Yesterday I received my Guild Newsletter. (Can't we think of a better title for that, by the way? Knitting Knatter, or Knitting Matters, or something, anything.) In it was featured a letter from the President with so much misunderstanding of the role of the returning Officer, the NSW rules for voluntary organistations, and simply good procedural practice, that it is gobsmacking that she thought it was a suitable thing to put before her members. Here are the last two paragraphs:
Personalities and appeals to members to pressure the Executive Committee are an inappropriate way for any organisation to make and carry out decisions. The Executive made a majority decision and carried that decision impartially across the board.
It would be grossly improper for the Executive to manipulate decisions based on popularity, to apply one rule to one person and not another, and overturn majority decisions based on the clamour of its members.

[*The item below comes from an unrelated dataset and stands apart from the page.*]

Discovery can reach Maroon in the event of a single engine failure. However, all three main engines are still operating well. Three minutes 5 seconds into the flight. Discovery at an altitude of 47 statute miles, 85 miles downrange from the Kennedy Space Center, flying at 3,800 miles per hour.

It would create a very bad precedent.
What the President, and presumably some members of the executive, don't seem to have realised yet is that it was the vote that was taken by the executive - the 'majority decision' - on a matter over which they had no jurisdiction - a matter which should have been ruled on by the Returning Officer - that was grossly improper. It has nothing to do with 'appeals to members' or 'popularity' or 'personalities' or 'the clamour of its members'. It has to do with the proper way to conduct an election, which is laid down in the NSW Rules for model organisations. Every event that has occurred in this election that is not covered by the Guild constitution is covered by the NSW model rules, which are meant to be used where the constitution is contradictory or silent.

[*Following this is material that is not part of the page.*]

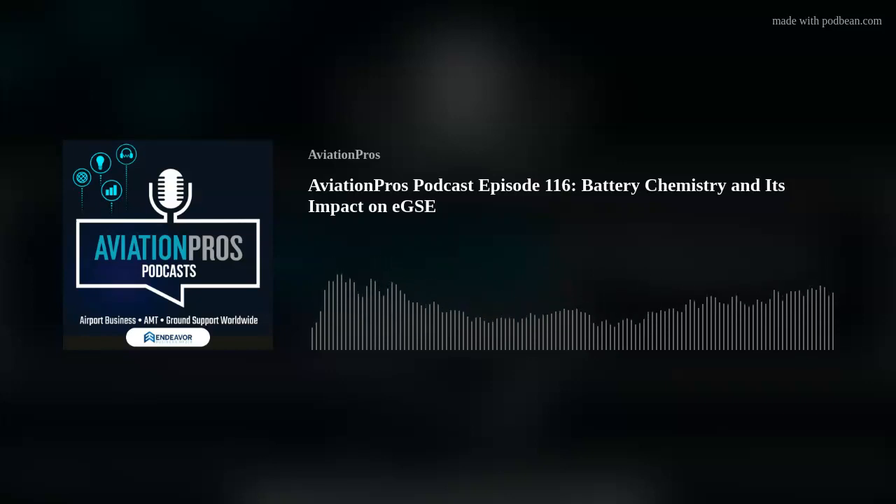Hello and welcome to this edition of the Aviation Pros podcast. I'm Josh Smith, editor of Ground Support Worldwide, and today we're speaking with Ron Dutt, CEO at Flux Power. Thanks, Josh. Glad to be with you today.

There is little or nothing that can be done at this point. We have a new committee, and it will be given the chance to show us that it understands its responsibilities. But now two elections in a row have been run incompetently - another thing that members may not know is that the members who normally receive their newsletters by email (about 15% of the total) didn't receive their election papers. Luckily the Secretary realised what had happened when, at the last minute, it was pointed out there was a pattern to the people who were wondering where their papers were, and she sent their papers out by email. If she hadn't the AGM would have had to be psotponed.